REVIEW: 'Doubt' - Sadie Struggles to Represent Billy in Court and Not Fall for Him in 'Pilot'

CBS' Doubt - Episode 1.01 "Pilot"

Sadie Ellis, a successful defense lawyer, starts to fall for her charismatic client, Billy Brennan, who may or may not be guilty of a brutal crime.

CBS' newest drama Doubt is essentially a cross between Grey's Anatomy and Suits. Yes, it still has the feeling of a CBS procedural as well. But those two series seem to have their influences on the narrative structure too. That's understandable because series creators Joan Rater and Tony Phelan worked on Grey's Anatomy for several seasons. Plus, I enjoy both of those shows - even in their advanced age. So, it would seem like Doubt would be something I'd like. This premiere does a solid job setting up this world and the characters. It is very much a premise pilot that sets up the ongoing story while also establishing a case-of-the-week subplot as well. It's a light and breezy soap. That's a perfectly fine tone to set. When the show doesn't take itself too seriously and forces certain character beats to happen, it's fun to watch as well. But again, it's clear the ongoing plot is going to be an important thread this season. It's a scandalous story of a defense lawyer falling for her client who may or may not be guilty of a heinous crime. This show isn't setting up to re-inventing the genre. Plus, Katherine Heigl and Steven Pasquale have perfectly fine chemistry. That was just the element of this premiere that felt way too forced.
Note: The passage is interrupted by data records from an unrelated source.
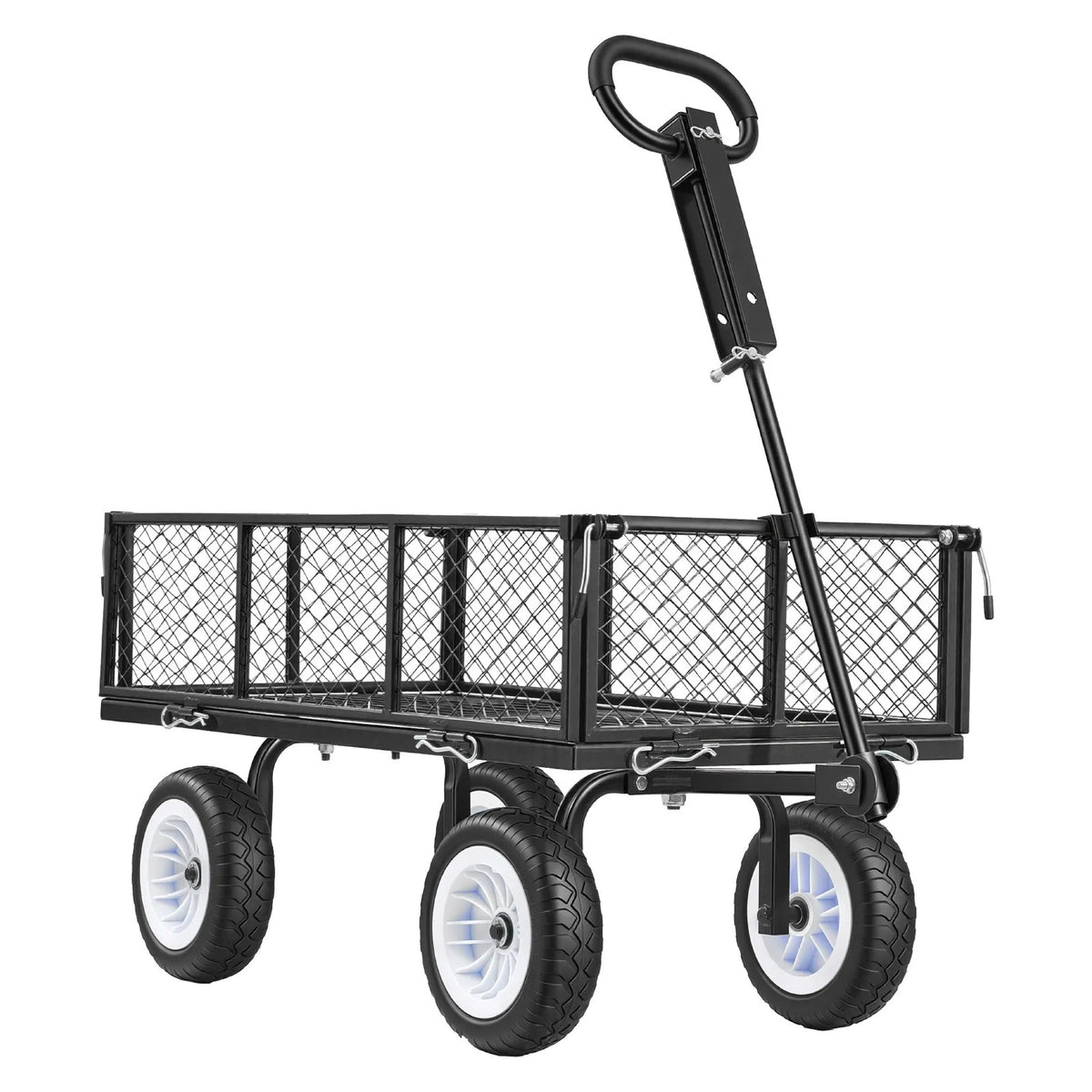 VEVOR dārza rati 408,2 kg kravnesība, smagas konstrukcijas tērauda universālie rati ar 25 cm riepām, regulējamu rokturi un noņemamām sānu malām, pievienojami ATV vai traktoram, melni - ZEMLETES.LV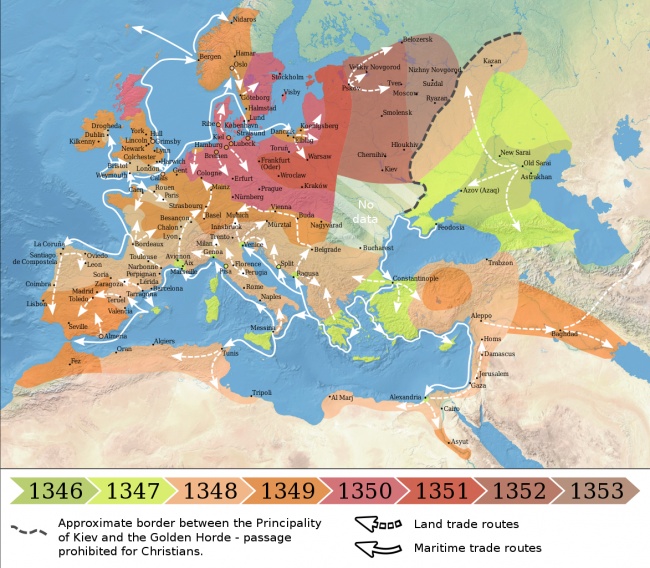 Mapa šíření Černé smrti.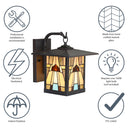 River of Goods Natural Stained Glass and Oil Rubbed Bronze 1-Light Outdoor Lantern Wall Sconce
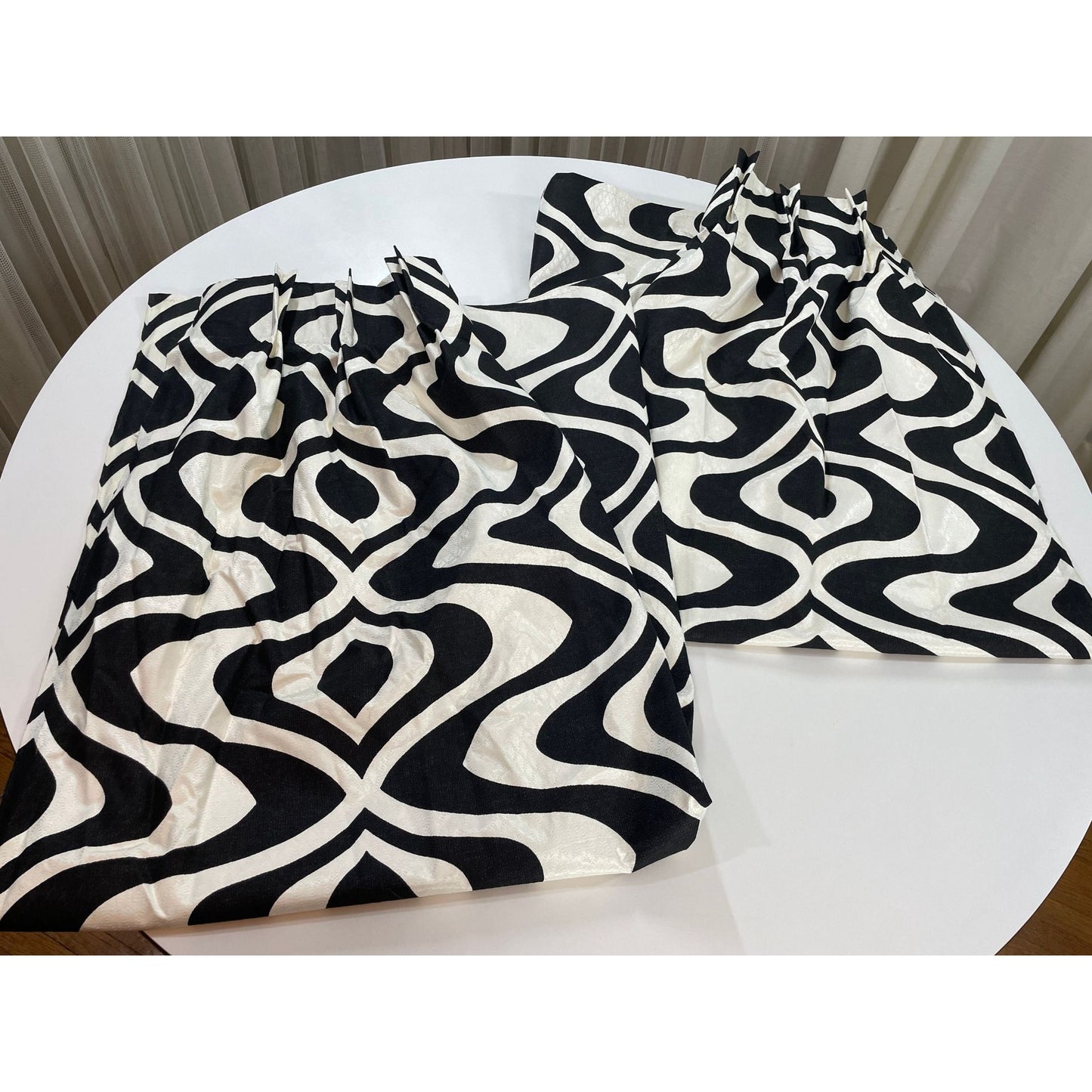 Vintage 50s pleated fiberglass curtains, Op Art black and white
And yet, this premiere has actually made me want to watch a second episode. I can't say that for any other CBS drama this season. So, that's a win. Plus, this premiere establishes a worldview that is different than any other new show CBS has tried this season. It's not super grim and serious (like Training Day). Nor does it think it's the smartest show ever when it's actually a hilarious and contrived mess (like Bull, Pure Genius and MacGyver). It's a premiere that knows exactly what kind of show it wants to be. It doesn't aspire to be a high prestige show about the inner workings of a legal defense firm. It just wants to be a frothy and good time where the characters simply work on new cases each week while also struggling with their personal lives. When this premiere has a funny moment, it's because it was actually written as a joke. There is some unintentional humor as well. But mostly, the show is self aware of how it is coming across. That's an invaluable quality that could be spread around the CBS shows more.
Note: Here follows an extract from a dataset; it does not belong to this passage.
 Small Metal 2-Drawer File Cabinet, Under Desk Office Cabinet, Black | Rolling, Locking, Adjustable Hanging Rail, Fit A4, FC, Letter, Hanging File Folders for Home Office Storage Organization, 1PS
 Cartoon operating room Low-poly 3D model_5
Of course, it's understandable that watching a show with Katherine Heigl in the lead role comes with a lot of baggage. She's worked with Rater and Phelan before on Grey's Anatomy. So, they know the type of material that she is convincingly able to pull off. More importantly, I'm more of a fan of hers than the genuine consensus probably is. It's perfectly fine for this show to be a new starring vehicle for her. However, this is the latest attempt of hers at a comeback. She's been trying to mount one for a couple of years now and hasn't made much luck in either television or film. This show could change that. Sadie Ellis is established as this workaholic woman who enjoys the danger and darkness of her work. That comes from a tragic childhood where her mother was sent to prison when she was 2 years old. She has made something of her life because she worked hard. She's respected in this profession and is one of the top lawyers at her firm. There are moments that show off her legal prowess as well. And yet, most of her story consists of her relationship with Billy. It's clear from their first interactions that they are close. It's not at all surprising when the twist comes with him trying to act on their chemistry. It should just be interesting to see what balance the show strikes moving forward between legal and personal stories. Heigl largely works in both contexts throughout this premiere. But it would be nice to see her working a case and being "the great Sadie Ellis" while also having absolutely nothing to do with Billy. That will be the indication of whether or not this show can last.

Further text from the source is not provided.